REQUIRED WORK ▸ Copy every record below exactly, leaving out any pictures.

———

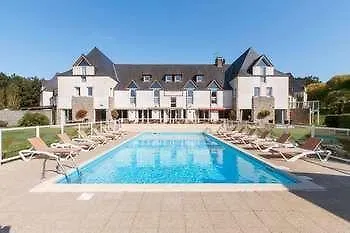 Le Château Des Ormes 3*
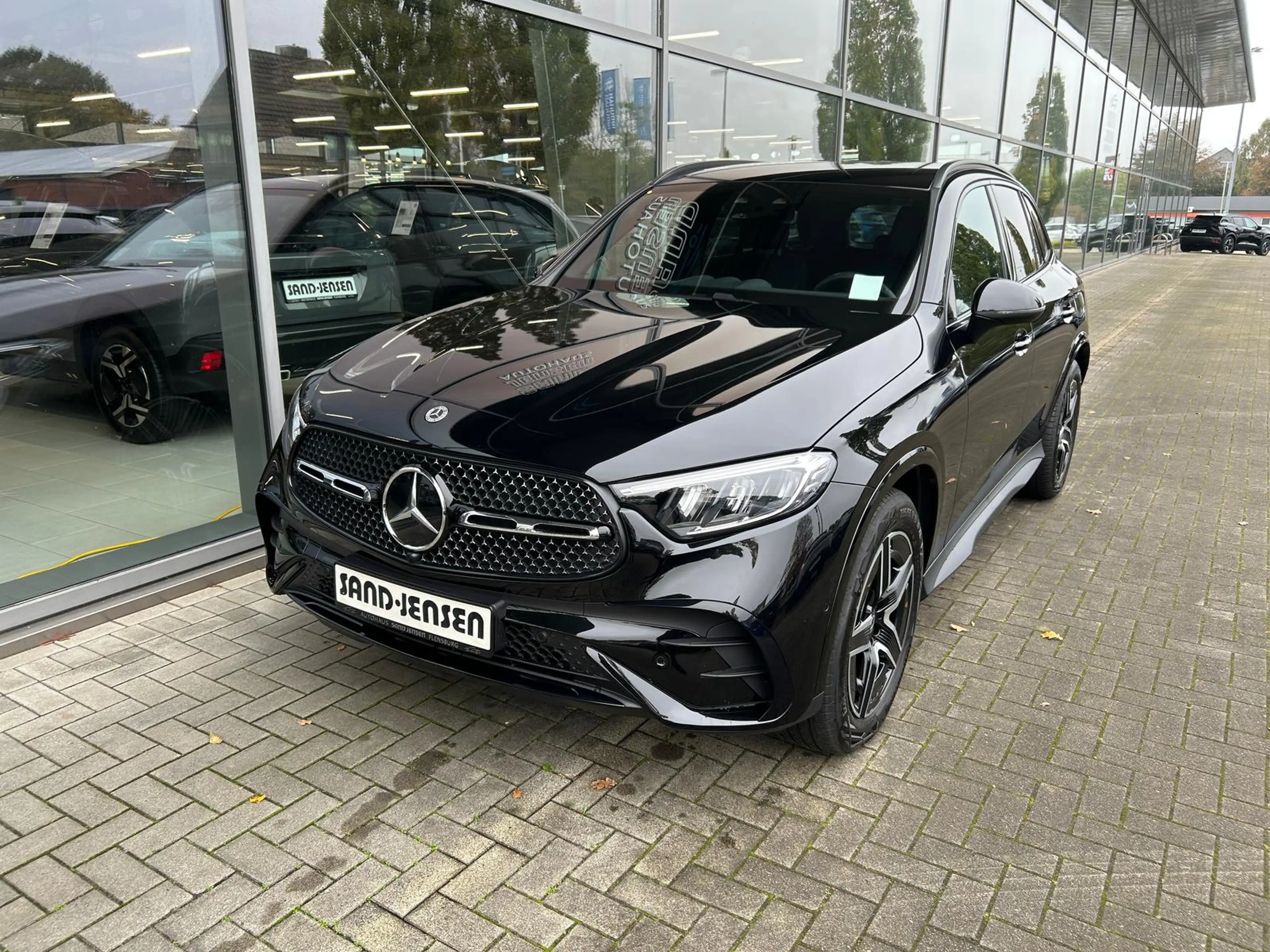 Mercedes-Benz GLC 300 d 4M AMG Fahrass+ Distr Night AHK ACC — photo 2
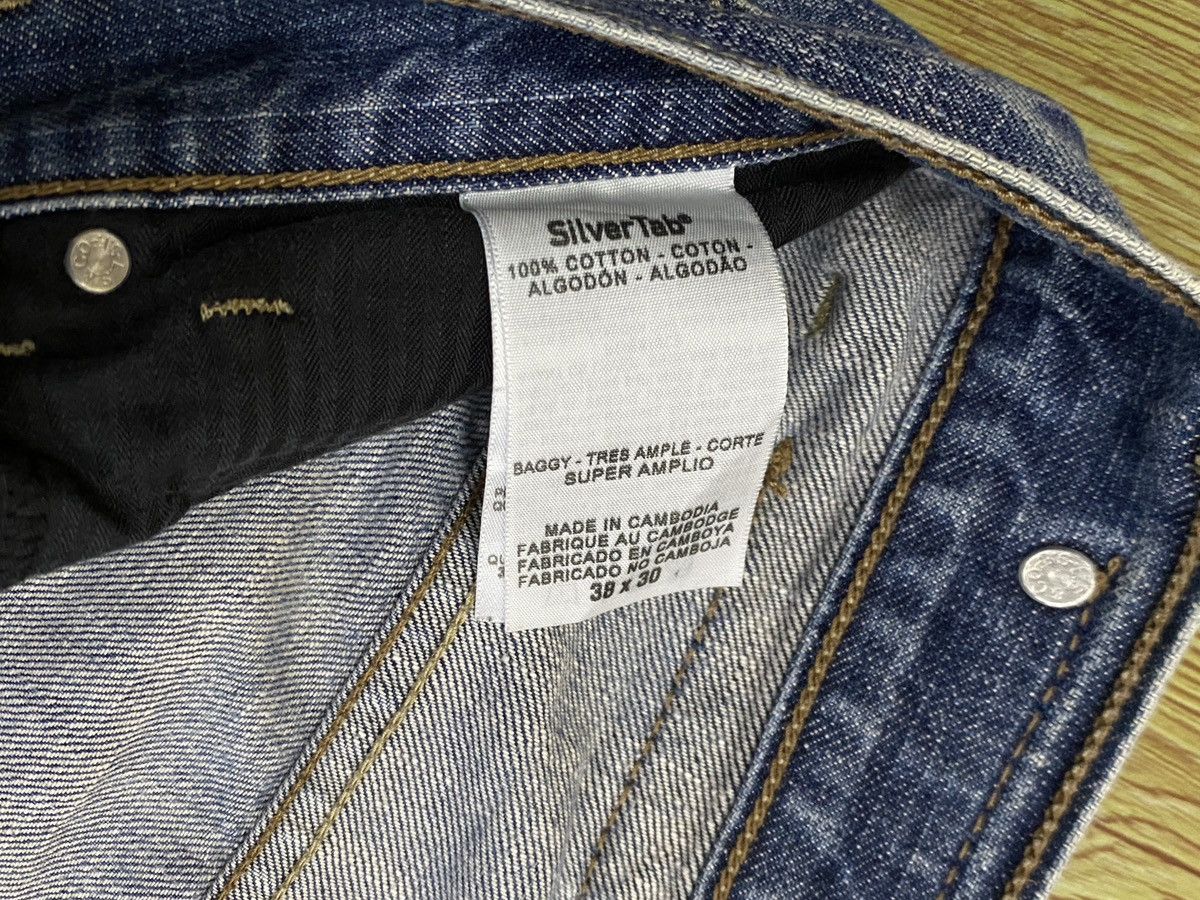 Levi's Rare Design Vintage Brand Levis SilverTab Baggy Jeans 2000s Size US 38 / EU 54 - 8 Thumbnail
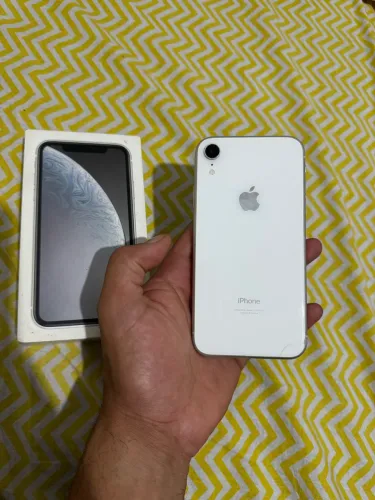 iPhone XR 64GB TODO ORIGINAL FUNCIONANDO PERFEITAMENTE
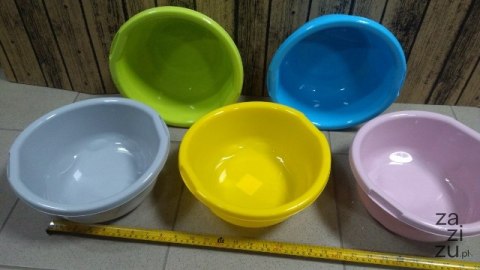 Miska plastikowa z uszami 3,5l. Miska plastikowa z uszami 3,5l.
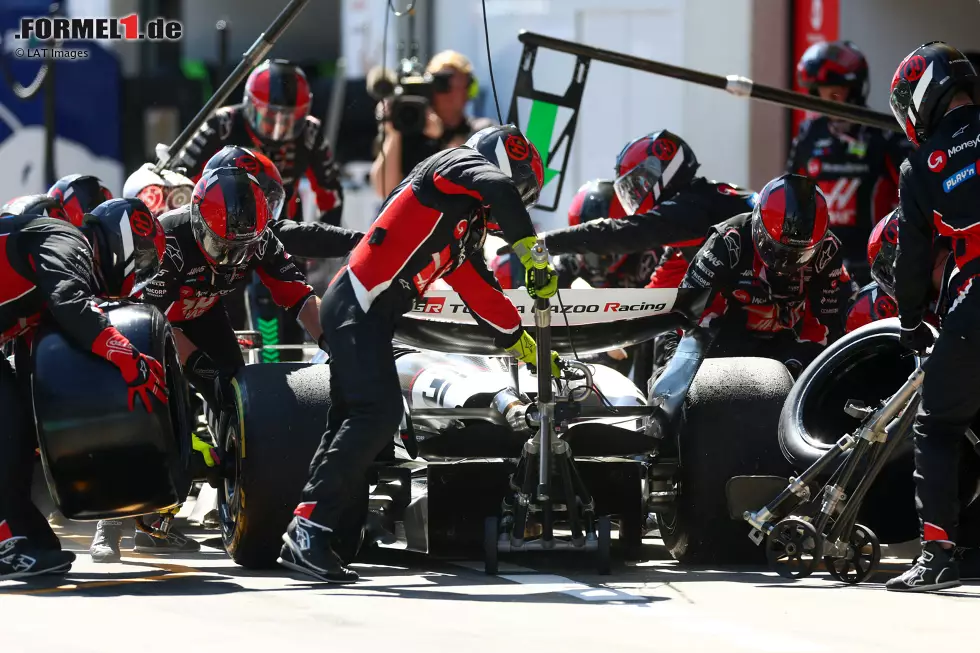 Foto zur News: Esteban Ocon (Haas)
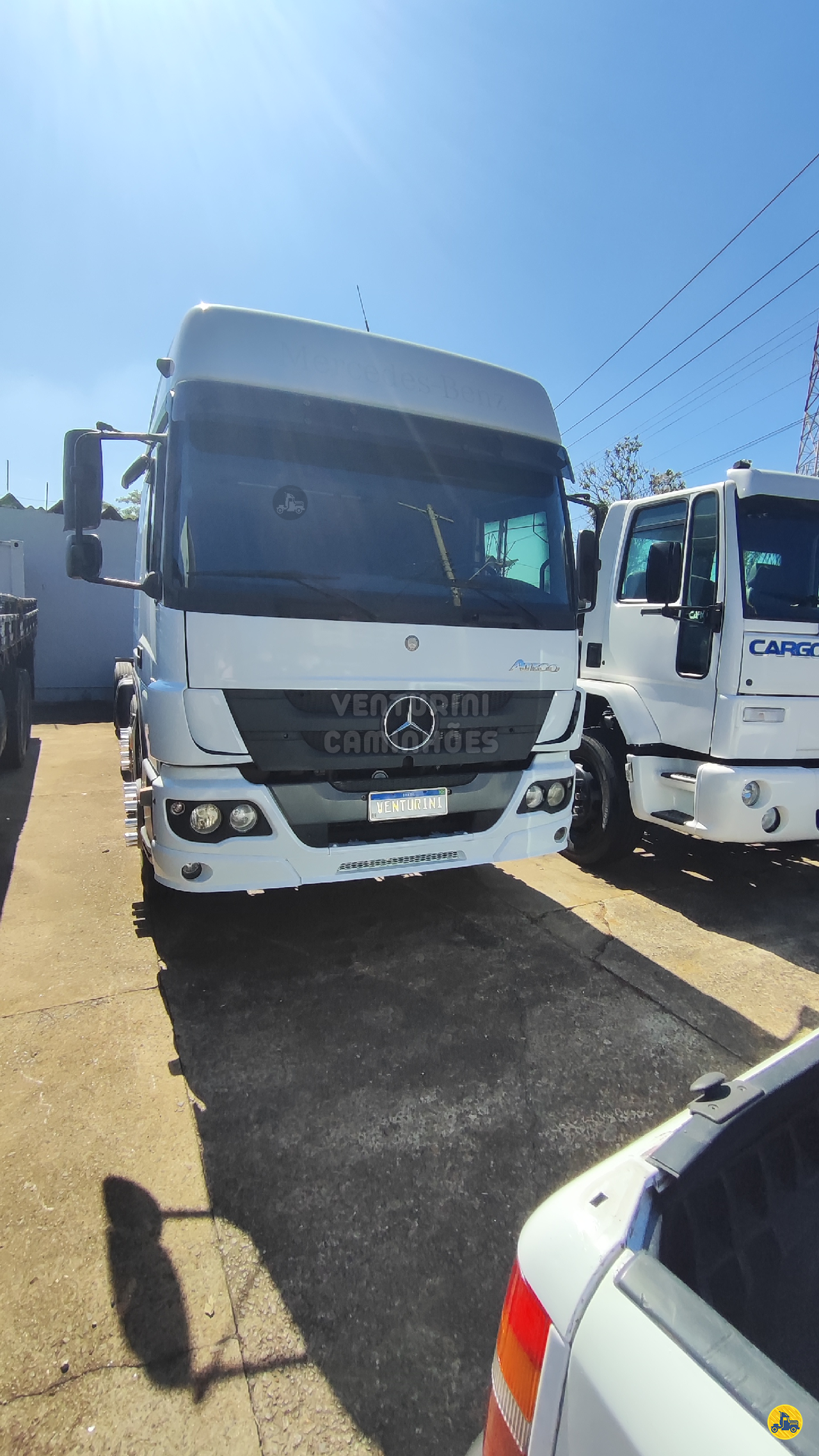 CAMINHAO MERCEDES-BENZ MB 3030 Chassis BiTruck 8x2 Venturini Veículos PIRACICABA SÃO PAULO SP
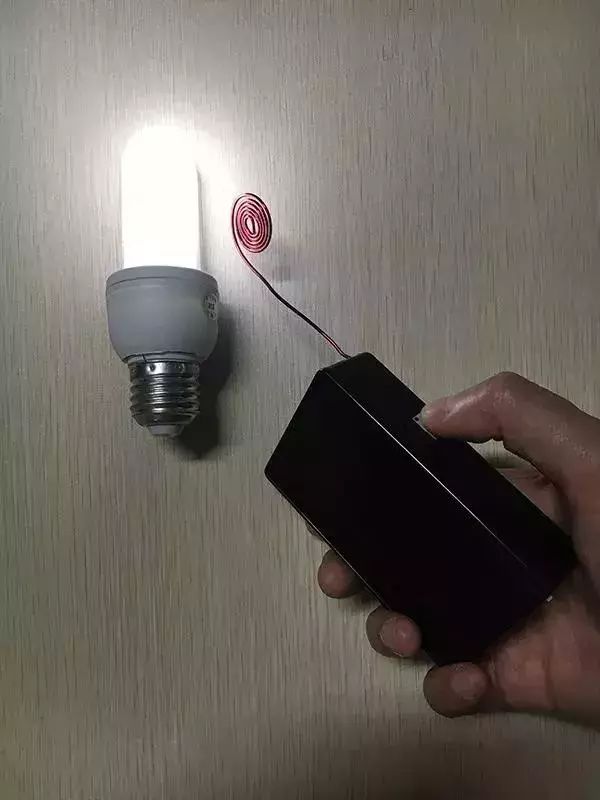 晚上睡覺前,鑰匙一定要插門鎖上,可惜太多人不知道這安全小意識(內含全影片)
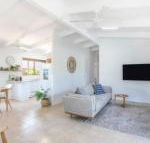 Birdsea House - Accommodation Redcliffe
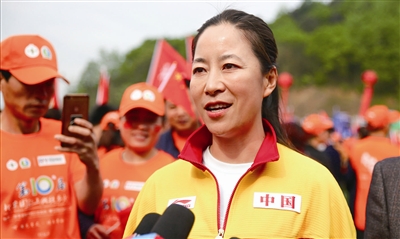 “最孤独的冠军”王丽萍：为何夺冠后不身披国旗，无一国人喝彩？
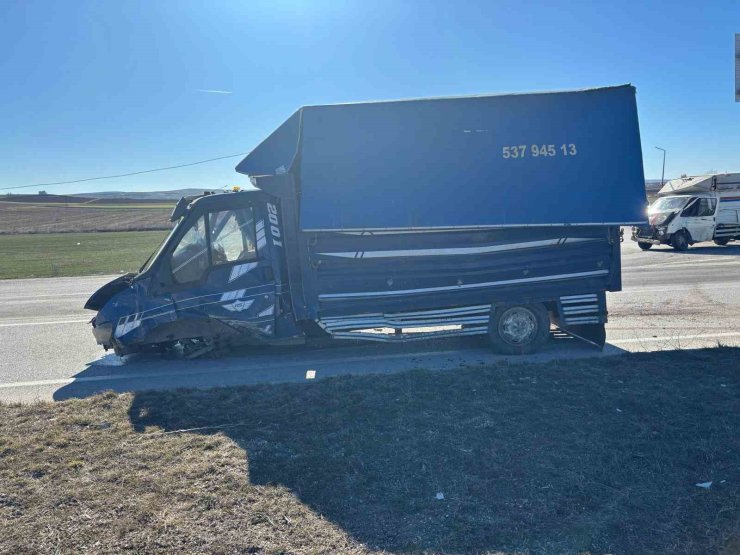 Çorum’da iki kamyonet çarpıştı: 3 yaralı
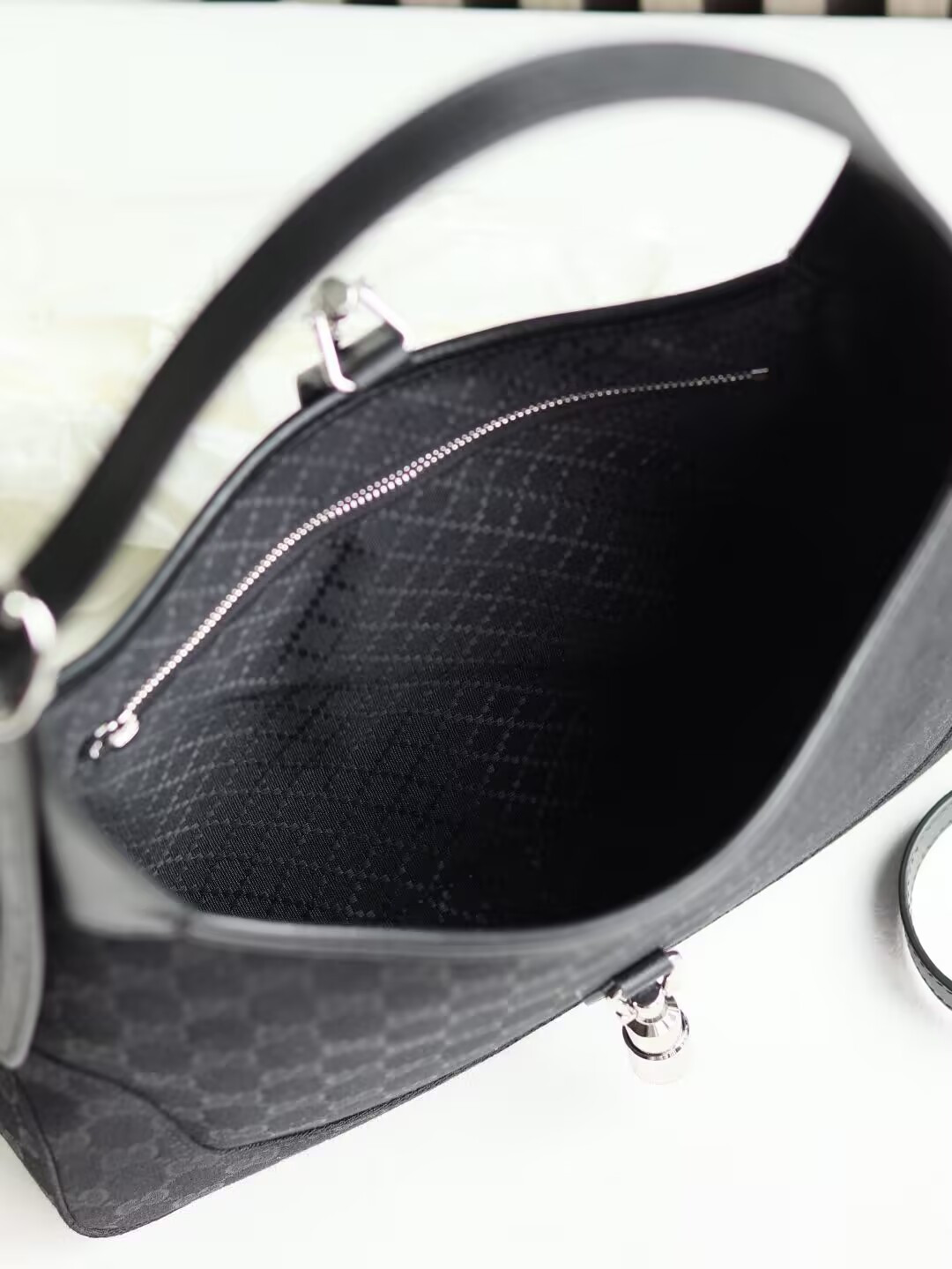 Gvc*1 Jackie Medium Shoulder Bag 31.5x22x4.5cm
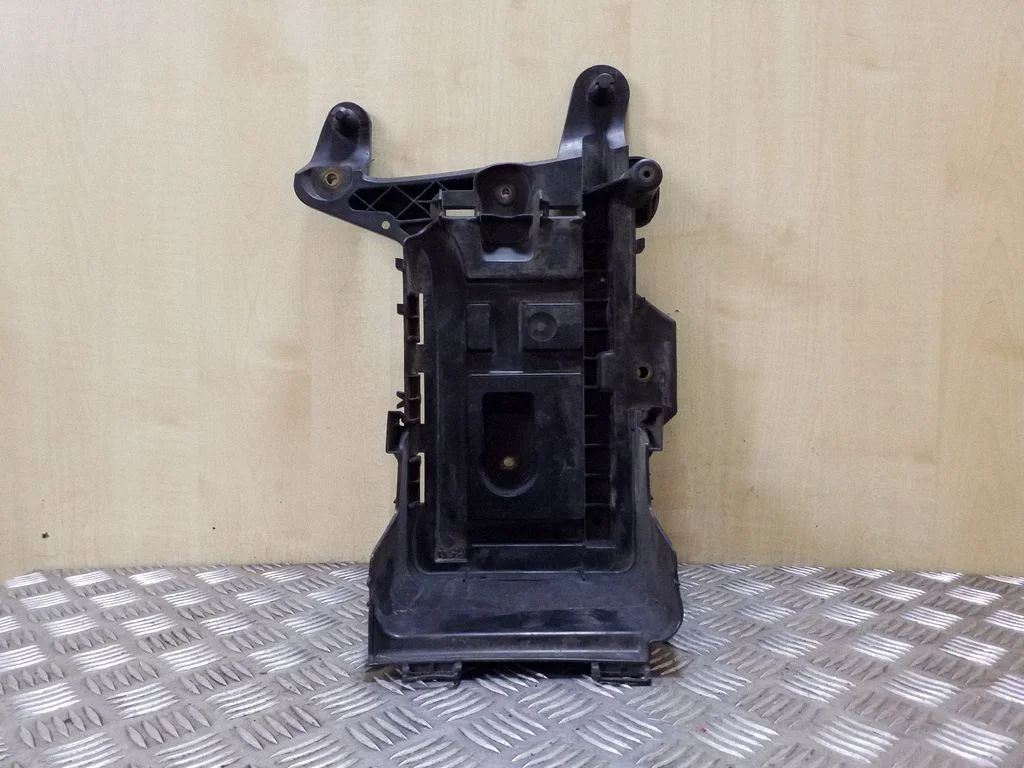 Battery tray 1K0915333C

———

REPLY ▸
 Le Château Des Ormes 3*
 Mercedes-Benz GLC 300 d 4M AMG Fahrass+ Distr Night AHK ACC — photo 2
 Levi's Rare Design Vintage Brand Levis SilverTab Baggy Jeans 2000s Size US 38 / EU 54 - 8 Thumbnail
 iPhone XR 64GB TODO ORIGINAL FUNCIONANDO PERFEITAMENTE
 Miska plastikowa z uszami 3,5l. Miska plastikowa z uszami 3,5l.
 Foto zur News: Esteban Ocon (Haas)
 CAMINHAO MERCEDES-BENZ MB 3030 Chassis BiTruck 8x2 Venturini Veículos PIRACICABA SÃO PAULO SP
 晚上睡覺前,鑰匙一定要插門鎖上,可惜太多人不知道這安全小意識(內含全影片)
 Birdsea House - Accommodation Redcliffe
 “最孤独的冠军”王丽萍：为何夺冠后不身披国旗，无一国人喝彩？
 Çorum’da iki kamyonet çarpıştı: 3 yaralı
 Gvc*1 Jackie Medium Shoulder Bag 31.5x22x4.5cm
 Battery tray 1K0915333C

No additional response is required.